6. Dismissed (with reasons)

  • BLS aggregation — real benefit (many sigs → one), but pairing crypto is heavy on a Pi, a large reviewer surface (principle 8), and the payoff is thin when most events have a single author.
  • Post-quantum now — SLH-DSA signatures are 8–50 KB (murders the A5 bandwidth result and the Pi), ML-DSA libraries are far less battle-tested than Ed25519. Move 3 (overlay re-attestation) is the answer.
  • RSA / ECDSA-P256 — only advantage is legacy PKI / smartcard interop; belongs at the interop boundary, handled by the move-2 alg tag, never the internal default.
  • Protobuf / Avro for the signed form — Protobuf is not deterministic across implementations; Avro needs a schema registry (the central coupling §6.5 routes around). Fine inside projections, never as the signed bytes.

7. Blast radius (§9)

The safety-critical surface is small and reviewable: COSE parse + Ed25519 verify + multihash check. It runs in-database via the ADR-0002 pgrx hatch so no unverified row can enter the log; pgcrypto covers SHA-2; the content-address invariant is already expressible in core SQL (the skeleton enforces it as a CHECK). The verify gate is the recurring §9 seam — the one path that must be unbypassable.

Consequences

Easier / now established (some field-validated): - Idempotent set-union convergence is structural (same bytes → same multihash address → zero merge) — field-confirmed by Bet A1. - The eager clinical plane is compact on metered links (Bet A5, ~494 B/event) — the deterministic-CBOR/COSE choice paying off where canonical JSON would not. - Verification is byte-comparison, not re-canonicalization, so a serialization round-trip cannot break a signature (Bet A2, zero failures on a lossy link). - Crypto-agility (including the PQC path) is free: tagged algorithms + overlay re-attestation. - BLAKE3's independent-chunk verification unlocks the windowed/resumable/swarm byte tier the real link showed is necessary (Spike §8.2).

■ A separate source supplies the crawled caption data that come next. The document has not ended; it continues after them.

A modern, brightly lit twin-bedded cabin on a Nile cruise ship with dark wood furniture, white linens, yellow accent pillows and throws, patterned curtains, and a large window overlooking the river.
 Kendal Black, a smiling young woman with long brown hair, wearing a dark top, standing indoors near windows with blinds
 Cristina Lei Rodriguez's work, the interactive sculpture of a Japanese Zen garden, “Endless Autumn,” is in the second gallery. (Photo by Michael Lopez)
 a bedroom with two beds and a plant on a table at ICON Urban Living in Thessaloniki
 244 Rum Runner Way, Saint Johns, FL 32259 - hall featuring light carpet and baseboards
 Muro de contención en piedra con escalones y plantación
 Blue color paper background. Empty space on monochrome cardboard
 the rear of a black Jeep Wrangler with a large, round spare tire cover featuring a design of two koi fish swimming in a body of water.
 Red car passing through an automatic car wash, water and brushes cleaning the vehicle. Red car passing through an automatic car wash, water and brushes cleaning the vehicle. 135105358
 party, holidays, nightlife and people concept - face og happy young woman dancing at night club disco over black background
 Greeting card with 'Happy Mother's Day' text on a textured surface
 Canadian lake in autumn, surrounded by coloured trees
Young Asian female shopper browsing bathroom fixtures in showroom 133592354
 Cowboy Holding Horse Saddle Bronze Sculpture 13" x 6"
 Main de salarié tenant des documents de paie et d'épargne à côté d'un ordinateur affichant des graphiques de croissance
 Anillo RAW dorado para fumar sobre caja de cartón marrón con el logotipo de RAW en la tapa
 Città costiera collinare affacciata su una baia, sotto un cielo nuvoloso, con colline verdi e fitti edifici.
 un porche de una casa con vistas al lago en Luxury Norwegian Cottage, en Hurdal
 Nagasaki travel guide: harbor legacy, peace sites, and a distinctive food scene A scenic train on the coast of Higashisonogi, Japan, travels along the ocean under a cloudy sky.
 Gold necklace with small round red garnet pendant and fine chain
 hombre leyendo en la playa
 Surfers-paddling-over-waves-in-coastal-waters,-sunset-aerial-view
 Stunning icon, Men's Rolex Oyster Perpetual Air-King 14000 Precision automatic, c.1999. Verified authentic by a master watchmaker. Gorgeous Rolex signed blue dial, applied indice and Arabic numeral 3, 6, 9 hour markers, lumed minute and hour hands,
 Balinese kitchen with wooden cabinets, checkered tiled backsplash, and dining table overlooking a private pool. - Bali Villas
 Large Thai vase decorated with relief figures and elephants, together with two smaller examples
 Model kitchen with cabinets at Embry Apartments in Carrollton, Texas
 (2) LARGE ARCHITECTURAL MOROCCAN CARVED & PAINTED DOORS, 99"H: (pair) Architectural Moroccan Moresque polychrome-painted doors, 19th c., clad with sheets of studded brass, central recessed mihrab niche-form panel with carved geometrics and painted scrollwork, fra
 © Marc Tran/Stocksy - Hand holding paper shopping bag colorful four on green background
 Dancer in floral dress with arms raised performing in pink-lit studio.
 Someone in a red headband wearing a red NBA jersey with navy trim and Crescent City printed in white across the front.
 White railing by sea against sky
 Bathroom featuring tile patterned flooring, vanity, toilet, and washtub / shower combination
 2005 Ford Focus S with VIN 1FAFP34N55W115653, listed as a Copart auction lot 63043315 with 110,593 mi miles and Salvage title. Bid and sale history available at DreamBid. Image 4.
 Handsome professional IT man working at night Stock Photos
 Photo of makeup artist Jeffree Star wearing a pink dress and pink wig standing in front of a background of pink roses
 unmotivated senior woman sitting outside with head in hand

Harder / what we are betting on: - The signer's deterministic encoder must be pinned and stable; move 1 contains the blast radius to the signer (verifiers byte-compare), but a signer-side encoding change is a new event format, not a free upgrade. - The verify gate must actually move into pgrx to be unbypassable; in the skeleton it lives in the Rust applier (the §9 seam, explicitly deferred). - Deterministic-CBOR (CDE) is still a draft profile — acceptable only because move 1 means we never depend on cross-implementation canonicalization at verification time. - The blob digest is provisional: if Bet B shows BLAKE3 materially slower than SHA-256 on ARM with no offsetting benefit, revisit — but the chunk-verification fit makes that unlikely, and reversing it is an additive multihash migration, not a re-format.

How we would know the bet is failing: signature breakage attributable to a serialization round-trip (Bet A2 would have shown it — it did not); canonicalization drift across independent implementations (move 1 prevents it); or a post-quantum threat arriving faster than overlay re-attestation can be rolled across the fleet (the one scenario that would force PQC into the bytes early — and the alg tag is what makes even that a migration rather than a rebuild).

Not a new founding principle. This ratifies primitives under the existing principles — append-only (content addressing, re-attestation-as-overlay), legibility across time (the twin freeing the signed form), acknowledged uncertainty (provisional-by-design defaults), and small auditable safety surface (§9).